Creative Industries Job Creation

Creating new jobs in twos and threes, hundreds of times over, month by month, is great news for the economy, but not seen as ‘news’ by the media. Consequently, creative industries job creation is often overlooked by the media and the economic impact of the creative industries is underestimated.

Here’s an article I wrote about the situation in Liverpool, originally published in The City Tribune entitled ‘The Invisible Sector’.


It’s clear that Liverpool is a port city when you see the river Mersey as you drive down Parliament Street. What you probably won’t notice, opposite Cain’s Brewery, is a large old warehouse. Clearly a relic of Liverpool’s past as a great trading port, it could be derelict. The truth is exactly the opposite.

Known only to those “in the know”, nowadays it’s called Elevator Studios and houses some of the most exciting, cutting-edge and successful businesses in the city. This is where computer games are designed and sold online globally, music videos are recorded, and TV adverts created.

I fantasise that if I had a magic wand, I’d transform the red brick walls into a modern glass building more fitting to its contents, but more importantly, so that Liverpool and the world could see this hive of activity on the edge of the city centre.

Creative Industries job creation at Elevator Studios in Liverpool
Photo: Elevator Studios in Liverpool

For now, though, all this remains hidden. That’s why I think of the creative industries in the city of Liverpool as the “invisible sector”.

The creative and digital industries create more wealth and jobs than many other sectors in Liverpool and the rest of the UK but you’d never think that just from looking around. This sector has thousands of micro businesses with fewer than ten employees, so they don’t get picked up by the economic radar that’s scanning only for big businesses. Creating new jobs in twos and threes, hundreds of times over, month by month, is great news for the economy, but not seen as “news” by the media.

In some ways, it doesn’t matter. These are real people doing real jobs, selling real products worldwide and paying real taxes. But in other ways it does matter greatly. Because if the policy makers who invest in business infrastructure look only towards the big shiny visible sectors of the economy, they’ll fail to do their job. My fear is that Liverpool will overlook a sector that will drive the economy of the future, because it doesn’t conform to the ‘big industry’ model of the past.

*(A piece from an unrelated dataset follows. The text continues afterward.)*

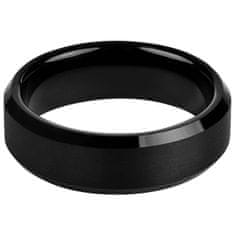 Troli Černý ocelový prsten (Obvod 57 mm)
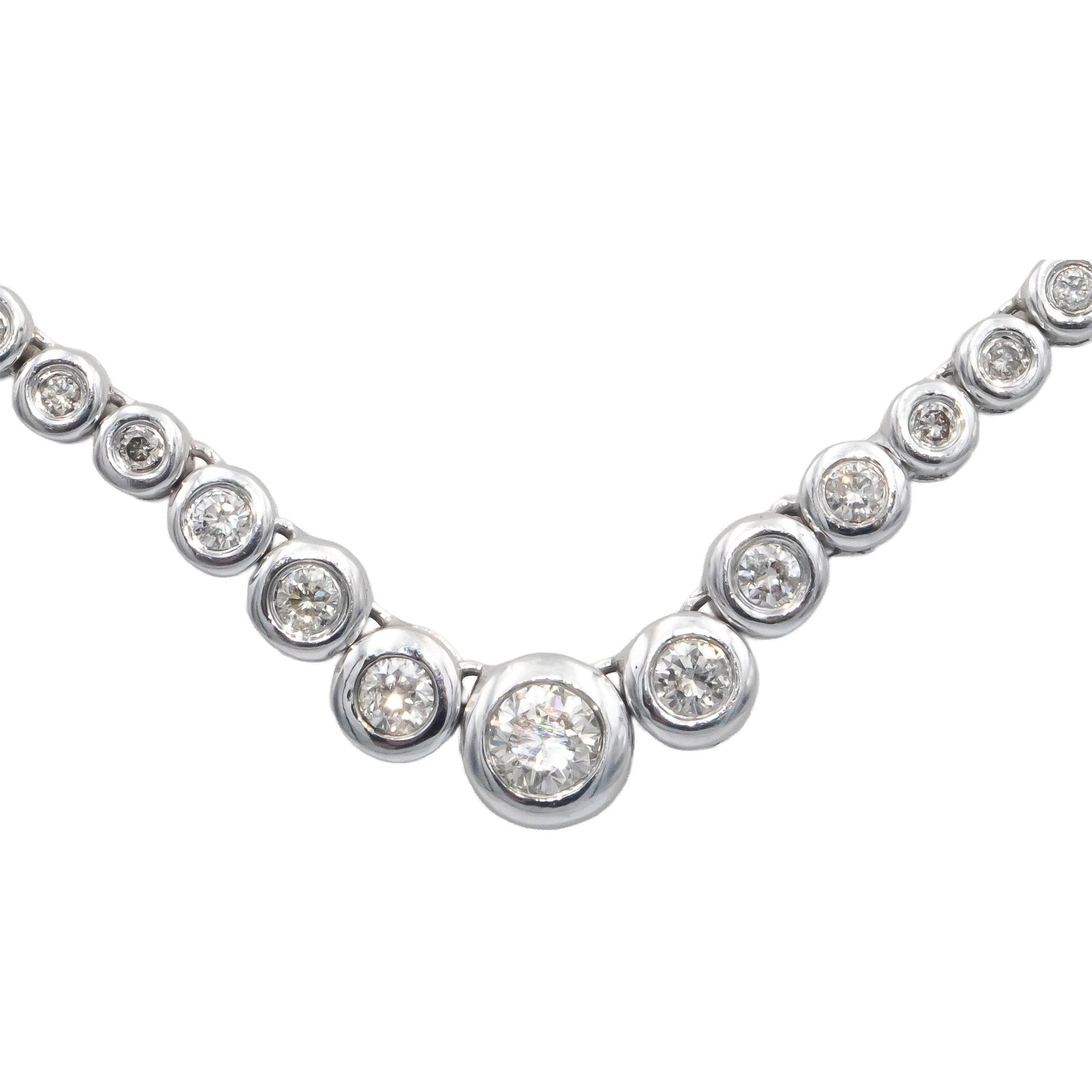 14k White Gold VS Round Cut Bezel Set Diamond Formal Necklace 3.0CT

It’s not clever to drive the economy looking wistfully into the rear view mirror. Instead, we should look through the windscreen to an exciting future. The dashboard indicates that the tank is full of creativity and jobs are being clocked up steadily. Let’s speed up!

The Baltic Triangle is the model of the future, where green shoots are growing out of the industrial wasteland. Unknown to most Liverpudlians, here is an area overflowing with strong businesses at the cutting edge of creativity. These businesses are cool, unconventional – and successful. Amongst the old industrial buildings, bright new structures are emerging too, such as Baltic Creative.

Liverpool’s world-class universities attract some of the best students from around the world. Three years later, it’s the creative sector that keeps them here. Liverpool’s graduates set up businesses and there’s a healthy mix of local and global accents in the creative community, indicating that crucial mix of cultures that has made this port city what it is. Such cultural mixtures are characteristic of all great creative cities.

Liverpool is renowned internationally for its creativity, not only in terms of artistic creativity but the wider creativity that’s about ingenuity, and thinking differently, in all fields. Liverpool has the ability – and the character – to play a different game, to do things its own way. It shouldn’t try to be a smaller copy of London, and doesn’t need to be high in the creative industries league tables so beloved of economists, statisticians and politicians.

The city will do its own thing, in its own way, anyway. It always did and always will.

Liverpool’s unique creative sector was always a part of this. It will be a crucial part of the future too, so let’s give it the recognition and support it needs to allow it to flourish.